2005年に新規参入して6年目。前年パ・リーグ2位と力をつけていた当時の楽天には実績のある選手が多く在籍していた。投手では田中将大、岩隈久志、福盛和男、藪恵壹ら、野手では嶋基宏捕手、山崎武司内野手、中村紀洋内野手、小坂誠内野手ら、そうそうたるメンバーが並ぶ。翌2011年には同学年でヤクルト時代の同僚だった岩村明憲内野手と、のちに西武監督となる松井稼頭央内野手がともにメジャーから国内復帰して加わった。
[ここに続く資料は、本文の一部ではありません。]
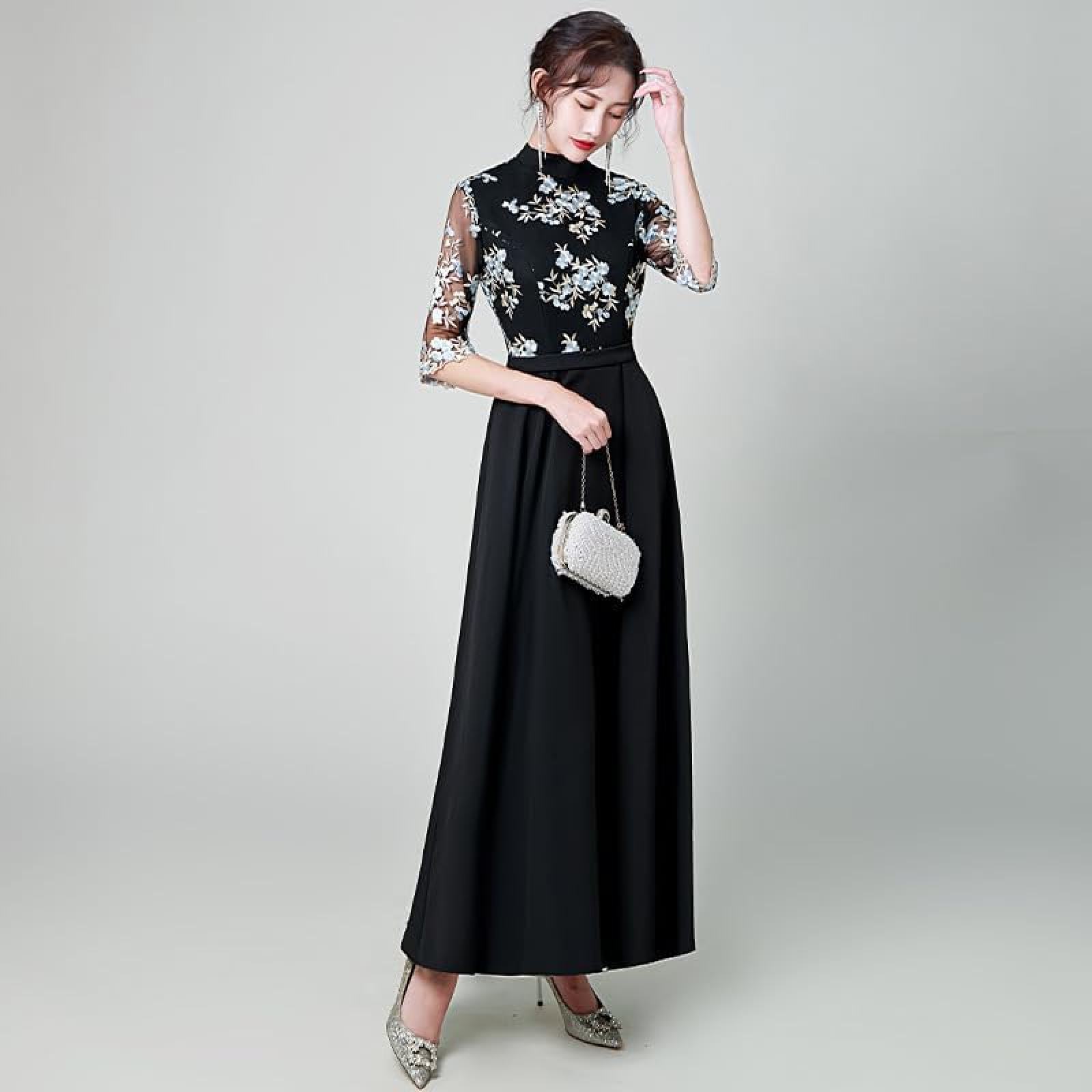 【20%OFFクーポン〜】イブニングドレス ロング 花柄 ブラック 誕生日 パーティードレス 結婚式 母親 お呼ばれ ワンピース 二次会 ゲストドレス 大人の魅力 卒入式 宴会 花嫁 ドレス 2次会 フォーマル 同窓会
「環境が違うところに行くというのは凄く貴重な経験。セ・リーグとパ・リーグでは全然違いました。パ・リーグの方が個性を凄く出せると感じました。表現が難しいですが、自由度が高いというか。セ・リーグの方が、きっちり型にはまっているような感じがしました」
「試行錯誤しているうちに、あっという間に時間が過ぎた」
セ・パの違いに刺激を受けたが、成績にはつながらなかった。マーティ・ブラウン監督が指揮を執っていた1年目。トレード相手だった渡辺がヤクルトで28試合に投げた一方、最後まで1軍に呼ばれることはなかった。2軍では11試合に投げて2勝1敗、防御率5.56では推薦されなくても仕方がない。
星野仙一監督が就任した移籍2年目の2011年は、東日本大震災にも見舞われチームは大きく揺れ動いた。鎌田氏は2軍では21試合に登板して2勝4敗、防御率3.10と前年より成績は良化したものの、2年連続で1軍登板なし。同年オフに戦力外通告を受けた。
楽天での1年半は「結局のところ投球フォームは悩み続けました」という。「ただ、最後の方は納得いく形になったかなと。実際、投げていて感覚も良かったですし、調子も良かったです。でも試行錯誤しているうちに、あっという間に時間が過ぎてしまいました」。秋田出身右腕は輝きを取り戻すことができないまま、東北の地を去ることになった。
「プロで結果を残していて、移籍を経験している選手や、メジャー経験のある選手、パ・リーグでプレーしている若手の選手たちなど、自分にはない違った経験を多く聞くことができました」。パ・リーグでは結果を残せなかったものの、新しい球団でプレーできたことは大きな財産となっている。